Литмир - Электронная Библиотека
A
A

Ильич сидел и слушал все речи с улыбкой и нетерпеливо ждал конца. Когда список ораторов был исчерпан, Ильич сразу ожил, поднялся и приступил к делу. Он решительным образом напал на тактику, которую проводили руководящие партийные группы и отдельные товарищи до его приезда. Он едко высмеял пресловутую формулу поддержки Временного правительства «постольку – поскольку» и провозгласил лозунг: «Никакой поддержки правительству капиталистов!», одновременно призывая партию к борьбе за передачу власти в руки Советов, за социалистическую революцию.
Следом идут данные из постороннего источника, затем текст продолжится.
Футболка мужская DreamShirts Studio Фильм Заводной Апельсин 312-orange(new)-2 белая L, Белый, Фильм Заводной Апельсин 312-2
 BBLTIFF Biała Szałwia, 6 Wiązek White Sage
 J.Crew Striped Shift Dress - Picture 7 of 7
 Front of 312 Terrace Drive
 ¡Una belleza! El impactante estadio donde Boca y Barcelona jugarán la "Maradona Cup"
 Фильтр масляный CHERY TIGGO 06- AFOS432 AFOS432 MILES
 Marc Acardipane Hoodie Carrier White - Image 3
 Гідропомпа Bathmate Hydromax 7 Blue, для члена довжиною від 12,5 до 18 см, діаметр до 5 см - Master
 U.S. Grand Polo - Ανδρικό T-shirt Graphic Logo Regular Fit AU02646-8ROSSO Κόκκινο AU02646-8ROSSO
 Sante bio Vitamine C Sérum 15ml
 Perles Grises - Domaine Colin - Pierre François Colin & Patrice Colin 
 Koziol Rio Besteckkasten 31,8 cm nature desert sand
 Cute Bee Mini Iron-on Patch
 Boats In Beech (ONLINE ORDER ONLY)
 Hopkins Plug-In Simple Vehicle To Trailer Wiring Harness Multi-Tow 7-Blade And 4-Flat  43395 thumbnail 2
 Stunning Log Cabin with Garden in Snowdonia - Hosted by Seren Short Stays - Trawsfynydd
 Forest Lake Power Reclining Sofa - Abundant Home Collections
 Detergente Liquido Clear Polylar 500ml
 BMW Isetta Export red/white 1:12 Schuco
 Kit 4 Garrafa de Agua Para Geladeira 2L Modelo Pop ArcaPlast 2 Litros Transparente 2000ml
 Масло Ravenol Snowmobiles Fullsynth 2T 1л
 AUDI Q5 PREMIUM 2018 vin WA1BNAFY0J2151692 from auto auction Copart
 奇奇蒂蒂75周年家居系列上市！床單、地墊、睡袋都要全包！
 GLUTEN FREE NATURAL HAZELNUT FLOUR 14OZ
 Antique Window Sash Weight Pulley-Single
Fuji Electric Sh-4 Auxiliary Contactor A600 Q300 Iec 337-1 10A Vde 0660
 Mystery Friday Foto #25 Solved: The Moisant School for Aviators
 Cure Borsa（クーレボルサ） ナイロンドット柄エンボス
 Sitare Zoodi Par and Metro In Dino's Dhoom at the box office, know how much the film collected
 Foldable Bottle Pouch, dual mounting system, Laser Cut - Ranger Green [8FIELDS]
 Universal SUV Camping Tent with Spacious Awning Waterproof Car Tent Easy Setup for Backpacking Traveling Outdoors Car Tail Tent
На нескольких ярких примерах тов. Ленин блестяще доказал всю фальшь политики Временного правительства, вопиющие противоречия между его обещаниями и делами, словами и фактами, настаивая на том, что наш долг состоит в беспощадном разоблачении его контрреволюционных и антидемократических поползновений и действий. Речь тов. Ленина длилась около часа. Аудитория застыла в напряженном и неослабеваемом внимании. Здесь были представлены наиболее ответственные работники партии. Но и для них речь Ильича явилась настоящим откровением. Она положила рубикон между тактикой вчерашнего и сегодняшнего дня.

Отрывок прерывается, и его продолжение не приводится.